Malam ini aku kembali menangis. Melihat pergelangan
tangan kananku yang kini kosong, mengenang gelang hitam yang dulu pernah melingkar
di sana. Aku membeli gelang hitam itu di saat sedang bahagia-bahagianya.
Menjadi perempuan bebas dan mandiri di tanah perantauan. Melangkahkan kaki
sesuka hati seiring berhembusnya angin.
---
Pada sebuah malam di kota yang dingin, langit begitu
gelap nan cantik. Kupejamkan mata dan rasakan bingar alun-alun di telingaku,
merasakan belai angin dingin di telapak tanganku. Lalu kubuka mata, dan
semenjak itu aku berkesimpulan bahwa harus ada perayaan untuk setiap hal kecil yang
diberikan semesta. Bahkan bingar ini, dingin ini, dan gelapnya malam ini memberikan
damai yang khusus di benakku. Maka daripada itu, sudah sepantasnya tak ada
tempat bagi kesedihan dan rasa khawatir akan kehidupan, karena sesungguhnya semesta
tak akan pernah berhenti menghadirkan yang terbaik. Sudah saatnya kesedihan
dicukupkan dan langkah kaki di lebarkan, serta bibir yang senantiasa tak lupa merapalkan
syukur yang tulus kepada Tuhan pencipta semesta.
Kulihat gelang hitam itu di jajaran dagangan penjual
aksesoris. Macam ragam warna aksesoris di sajikan, namun justru aku tertarik
pada satu yang berwarna hitam.
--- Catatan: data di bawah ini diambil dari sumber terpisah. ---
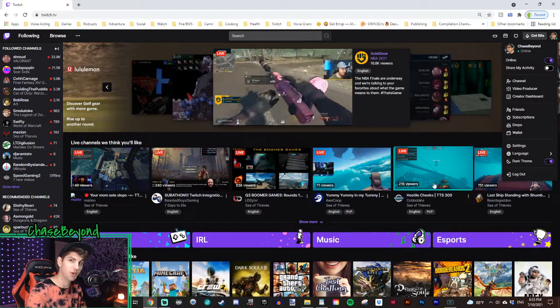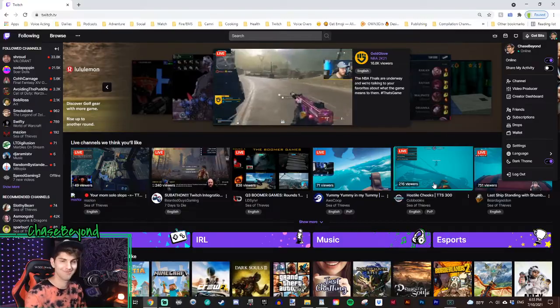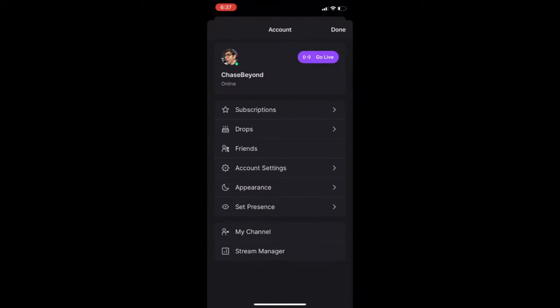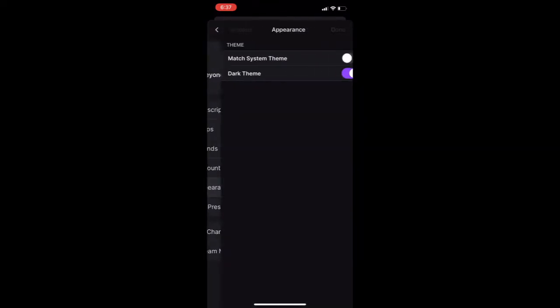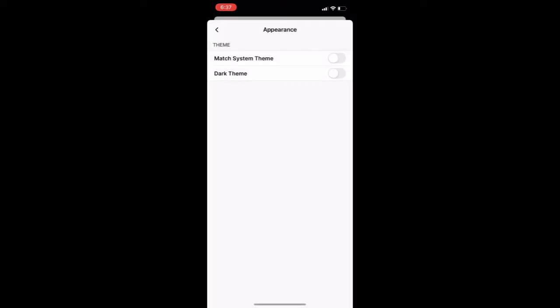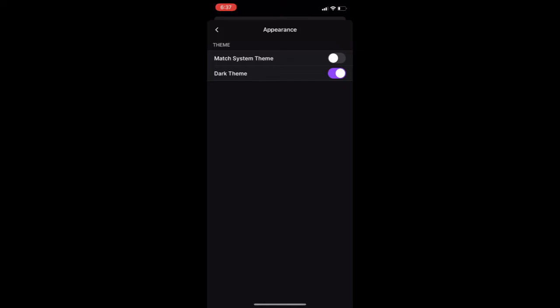Now let's hop on over to mobile. In your mobile app, click on your profile picture in the corner, from there go down to appearance, and then from there you see dark theme — toggle it on to whatever you prefer. There's light mode, and then there's your dark mode.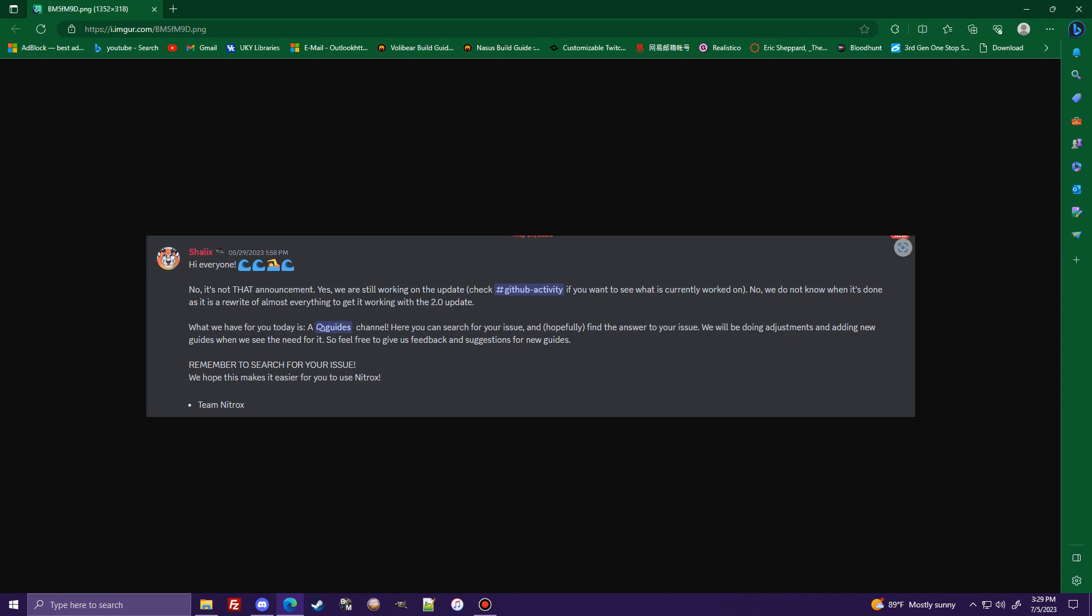And this was two months ago. And here they're just talking about letting everybody know that they're still working on the 2.0 update as well as announcing a guides channel. If you're in the Discord, I'm sure this is probably helpful to you in some extent because this game can be very confusing.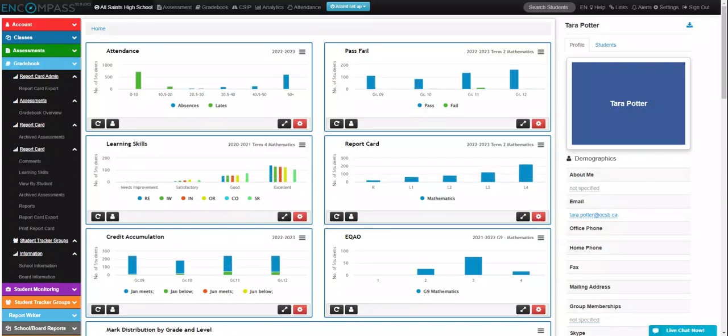So now what I'm going to do, now that I've set up my course weightings—that is in a previous video if you'd like to know how to do that—I'm going to click on gradebook overview.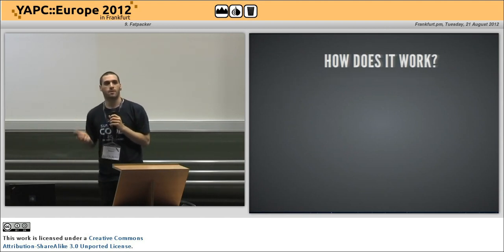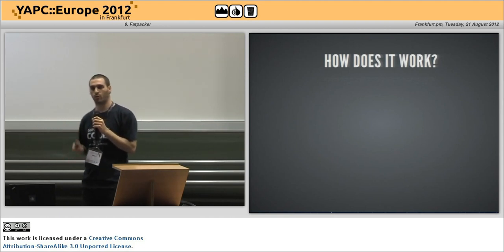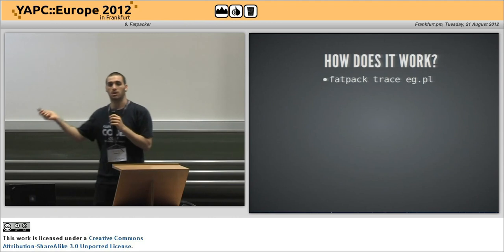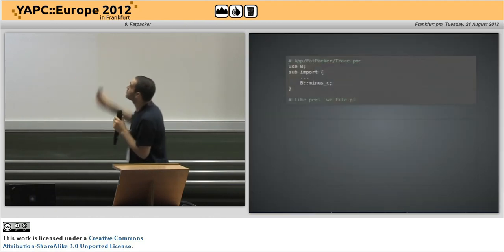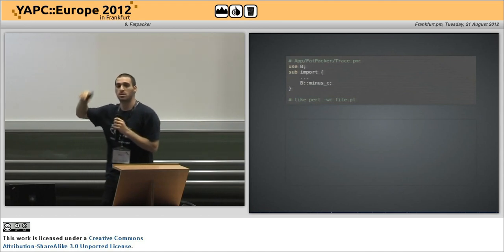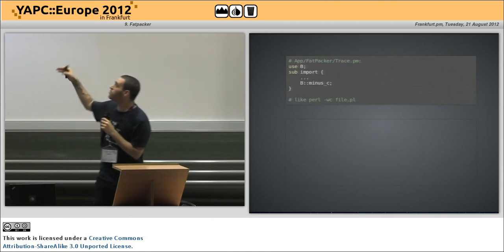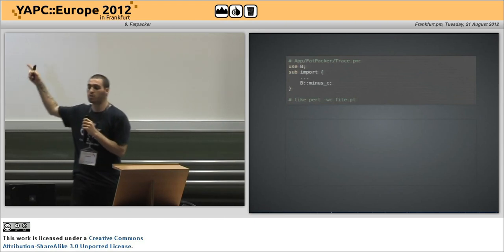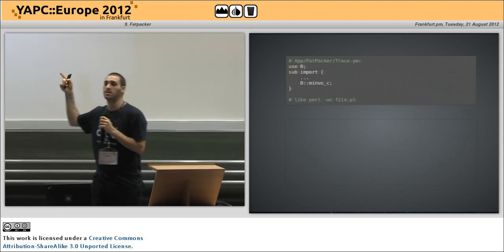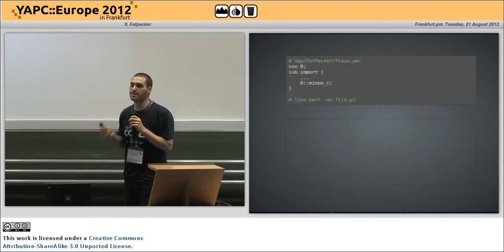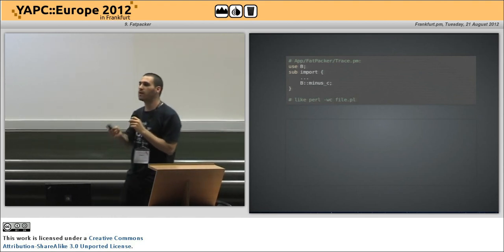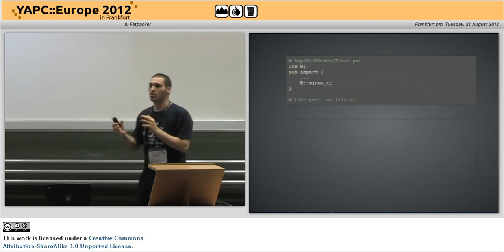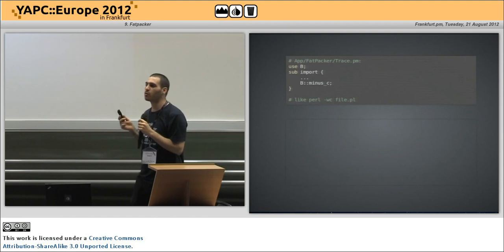And now, how does it work? I really like Fatpacker and I was really interested in the way it works. First of all, you trace a script. What it does is use the tracer, and the tracer uses B, which is the backend for the compiler, and the import function calls B minus C. B minus C basically activates compile-check mode — you know how you run Perl and just compile-check for something? Using B minus C like that puts everything into compile mode. From now on, no code is going to run.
Hitam. Gelap. Seperti langit malam itu. Begitu
pekat namun entah bagaimana mampu menghadirkan damai yang sangat. Gelap tak buruk juga ya rasanya,
pikirku. Bukankah di langit yang gelap
bintang-bintang akan terlihat lebih jelas bersinar ? Mari rayakan cantiknya
langit malam ini. Kuabadikan gelapnya langit malam itu pada gelang hitam
yang bertengger tanpa peminat di meja itu. Seketika gelang hitam itu sudah
berada di pergelangan tanganku.
Jangan lihat hitamnya, jangan lihat gelapnya.
Lihatlah apa yang bersinar di dalam gelap itu.
Hal itulah yang senantiasa merebak tiap kali kulihat
gelang hitam yang melingkar di pergelangan tanganku. Ketika dilanda situasi
yang buruk, kutatap lagi gelang itu, ada damai yang menjalar dingin seindah
langit malam kala itu. Aku suka gelang itu. Meski terlalu besar untuk
pergelangan tanganku yang mungil, tapi tetap terasa pas dan begitu nyaman
melingkar di tanganku. Aku tak pernah merasa sendiri. Karena aku tau gelang hitam
itu menggengam tanganku, Selalu ada, Tak terbatas ruang dan waktu. Aku merasa
utuh.
---
Hingga sampai pada suatu saat aku mengenal seseorang
itu. Ia rekan kerjaku. Begitu lugas ia menghadapi hidup. Di tengah dunia yang
berjalan dengan tempo semakin cepat nan penuh tekanan, ia selalu bisa tetap
kalem dan tak terpengaruh dengan keterburu-buruan itu. Yang paling kuingat
ialah kata-katanya ‘untuk apa cepat-cepat, toh di ujung sana tiada yang
menanti. Pun di sini tak ada yang memburumu untuk pergi. Nikmati!’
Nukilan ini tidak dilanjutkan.